§ Material supplied:
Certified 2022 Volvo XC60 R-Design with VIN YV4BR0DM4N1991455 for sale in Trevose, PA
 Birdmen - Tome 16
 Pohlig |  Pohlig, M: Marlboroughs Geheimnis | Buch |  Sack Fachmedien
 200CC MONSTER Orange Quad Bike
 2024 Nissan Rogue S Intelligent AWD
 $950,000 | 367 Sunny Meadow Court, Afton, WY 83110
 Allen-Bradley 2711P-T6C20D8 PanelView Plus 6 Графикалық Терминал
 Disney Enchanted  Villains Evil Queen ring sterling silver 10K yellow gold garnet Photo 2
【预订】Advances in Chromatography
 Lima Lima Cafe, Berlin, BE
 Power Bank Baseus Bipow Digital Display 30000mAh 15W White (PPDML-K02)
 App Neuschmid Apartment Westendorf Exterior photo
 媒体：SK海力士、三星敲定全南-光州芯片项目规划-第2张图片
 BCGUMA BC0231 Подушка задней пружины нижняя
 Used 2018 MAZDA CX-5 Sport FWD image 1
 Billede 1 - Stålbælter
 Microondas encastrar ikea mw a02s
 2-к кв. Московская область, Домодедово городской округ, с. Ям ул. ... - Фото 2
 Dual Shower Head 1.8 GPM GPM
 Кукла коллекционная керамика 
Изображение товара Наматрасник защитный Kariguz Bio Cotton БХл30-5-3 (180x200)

§ Activity:
All records shown above are to be output exactly.

§ Expected answer:
Certified 2022 Volvo XC60 R-Design with VIN YV4BR0DM4N1991455 for sale in Trevose, PA
 Birdmen - Tome 16
 Pohlig |  Pohlig, M: Marlboroughs Geheimnis | Buch |  Sack Fachmedien
 200CC MONSTER Orange Quad Bike
 2024 Nissan Rogue S Intelligent AWD
 $950,000 | 367 Sunny Meadow Court, Afton, WY 83110
 Allen-Bradley 2711P-T6C20D8 PanelView Plus 6 Графикалық Терминал
 Disney Enchanted  Villains Evil Queen ring sterling silver 10K yellow gold garnet Photo 2
【预订】Advances in Chromatography
 Lima Lima Cafe, Berlin, BE
 Power Bank Baseus Bipow Digital Display 30000mAh 15W White (PPDML-K02)
 App Neuschmid Apartment Westendorf Exterior photo
 媒体：SK海力士、三星敲定全南-光州芯片项目规划-第2张图片
 BCGUMA BC0231 Подушка задней пружины нижняя
 Used 2018 MAZDA CX-5 Sport FWD image 1
 Billede 1 - Stålbælter
 Microondas encastrar ikea mw a02s
 2-к кв. Московская область, Домодедово городской округ, с. Ям ул. ... - Фото 2
 Dual Shower Head 1.8 GPM GPM
 Кукла коллекционная керамика 
Изображение товара Наматрасник защитный Kariguz Bio Cotton БХл30-5-3 (180x200)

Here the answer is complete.